* _EXERCISE OBJECTIVE_:
Skip the pictures and write out, word for word, the lines below from the one with "Katty West And" through the one with "Prada Linea Rossa PSA52S 1AB5Z1 Polarized", inclusive.

* _DATA RECORDS_:
=====

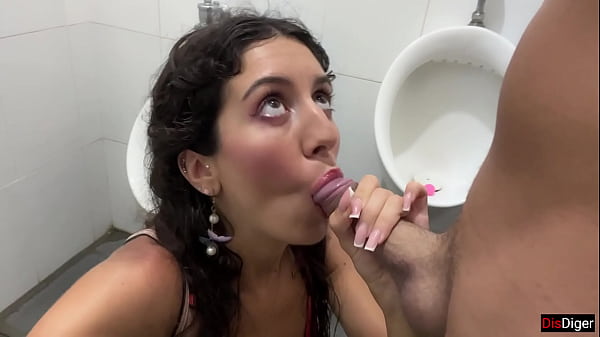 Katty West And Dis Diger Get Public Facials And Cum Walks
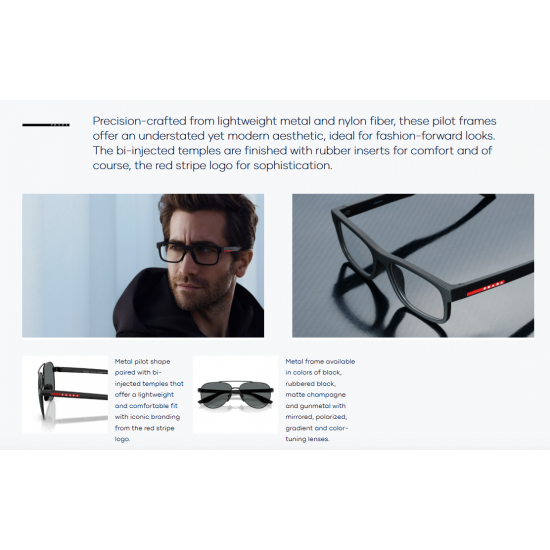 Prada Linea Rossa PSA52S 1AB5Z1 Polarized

=====

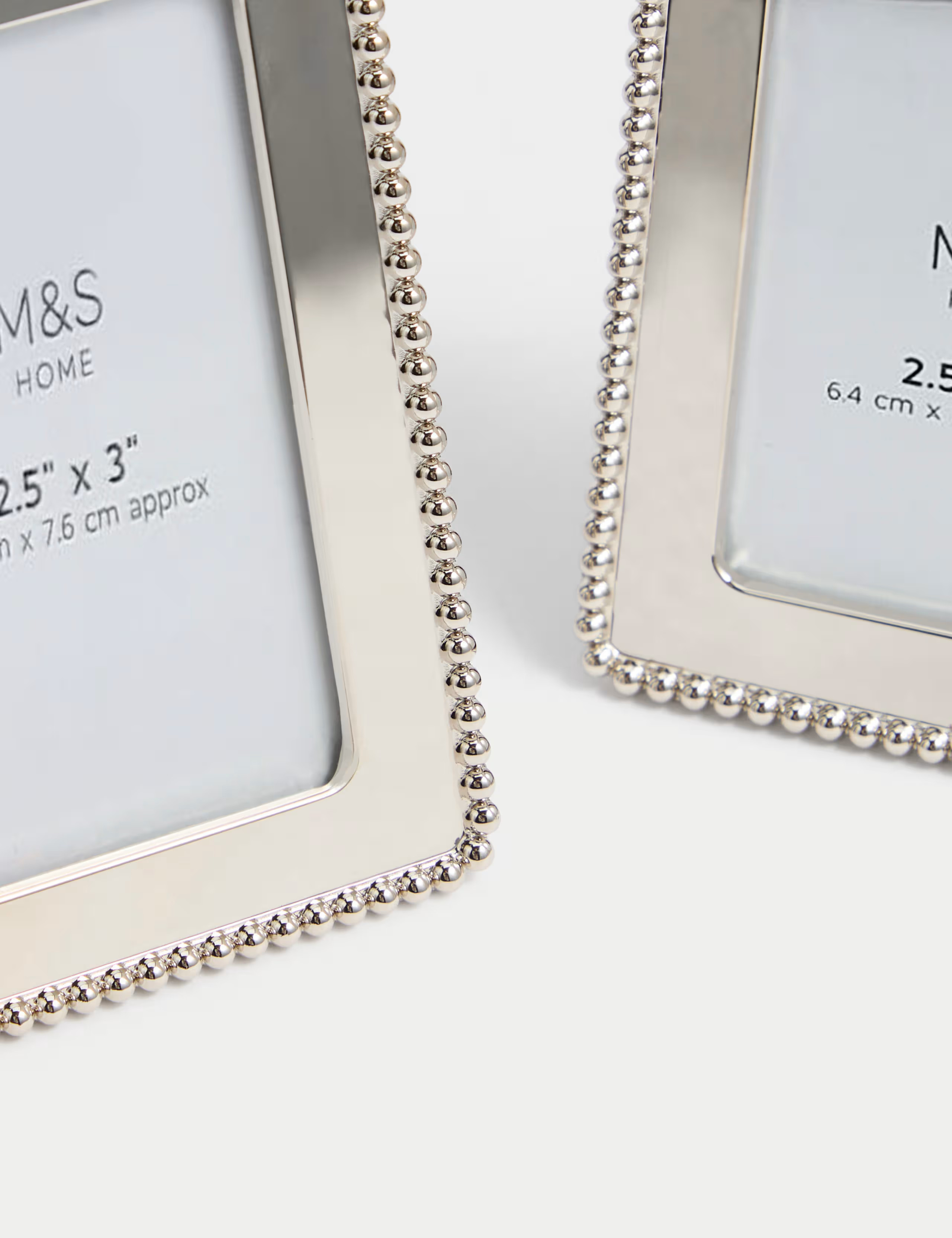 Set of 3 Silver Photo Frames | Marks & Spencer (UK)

=====

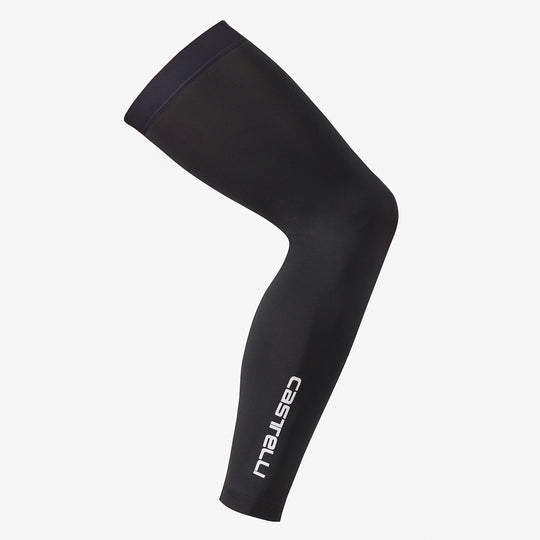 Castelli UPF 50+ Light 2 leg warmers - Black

=====

* _OUTPUT OF THE EXERCISE_:
 Katty West And Dis Diger Get Public Facials And Cum Walks
 Prada Linea Rossa PSA52S 1AB5Z1 Polarized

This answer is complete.